Re: The good, the bad, the insane



On 05/26/2011 08:40 PM, Adam Williamson wrote:

On Thu, 2011-05-26 at 20:24 +0100, Martin Häsler wrote:

So for me, your math is wrong. Why? Because before I could actually
suspend my desktop and had a convenient interface for doing it, I didn't
power it off: I just left it running, so when I stumbled to my desk in
the morning it'd be up and running and in the state I left it
immediately.Now, I can suspend it at night and resume it in the morning
and achieve the same result. For me, working and conveniently-accessed
suspend mode results in me saving power, not using more.
I guess energy prices in the US are still way too low,
I'm not in the US.

but leaving aside
your
energy wasting habits, I never argued against a suspend option.
I just don't want it to be the only option in the user menu.
Also you act like you couldn't suspend under the old design, which is of
course not true.
Well, step back and look at the bigger picture. Why does Shell have a
Suspend option and no Power Off option by default (and originally,
before the Alt hack, had no Power Off option *at all*)? The idea was to
influence people in the direction of seeing suspend/resume as the normal
"I'm done for now / Now I'm starting working again" mechanism, much as
it is on phones, which most people rarely turn off. If you expose a
Power Off option with equal weight to the Suspend option, this influence
is lost, and the inertia of current habits will mean people continue to
see Power Off as the 'normal' way to stop using the system, particularly
on desktops...which may mean they don't do it at all, and don't think to
suspend instead. Providing only a Suspend option adjusts the balance of
the decision. I'm 'educated' enough to understand what all the options
are and the implications of each and make a decision - in practice, the
trigger for me switching from 'leave it on' to 'suspend' was a fix for a
bug which made suspending impractical, not the GNOME 3 re-design - but
that's not true of many users.

Here in Germany people power off their desktops and then switch off the
power extension,
because electricity is not cheap and we value our environment.  (That
used to be mandatory
at my old job)
Generalizations don't really help anything. You're sure you speak for
all Germans? And I represent all evil Americans, even though I'm not
one? :)
Apologies for mistaking you for an American, although I never said anything about evil.

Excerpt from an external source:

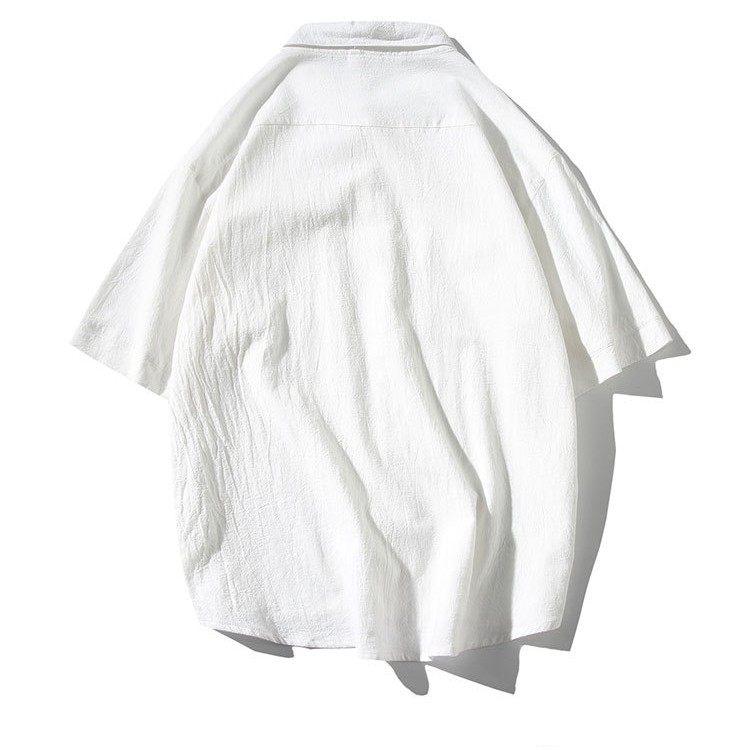 Áo Sơ Mi Cộc Tay Linen Túi Ngực Basic ROUGH - Mềm, Mịn, Mát | BigBuy360 - bigbuy360.vn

At least my "generalizations" are based on observations of family, friends and workplace and the
fact that energy saving power extensions sell very well in Germany.
You, on the other hand, deduced from your lazy behaviour of never turning your desktop
off, that that is the norm.

Please read this link: http://www.guardian.co.uk/environment/ethicallivingblog/2007/nov/02/pulltheplugonstandby
before you think we are talking about peanuts here.

Also note, people don't power off their phones because you won't receive any calls when a phone is powered off. I don't see how this is comparable to the computer world. My MP3 Player only
does power off, on the other hand (iaudio).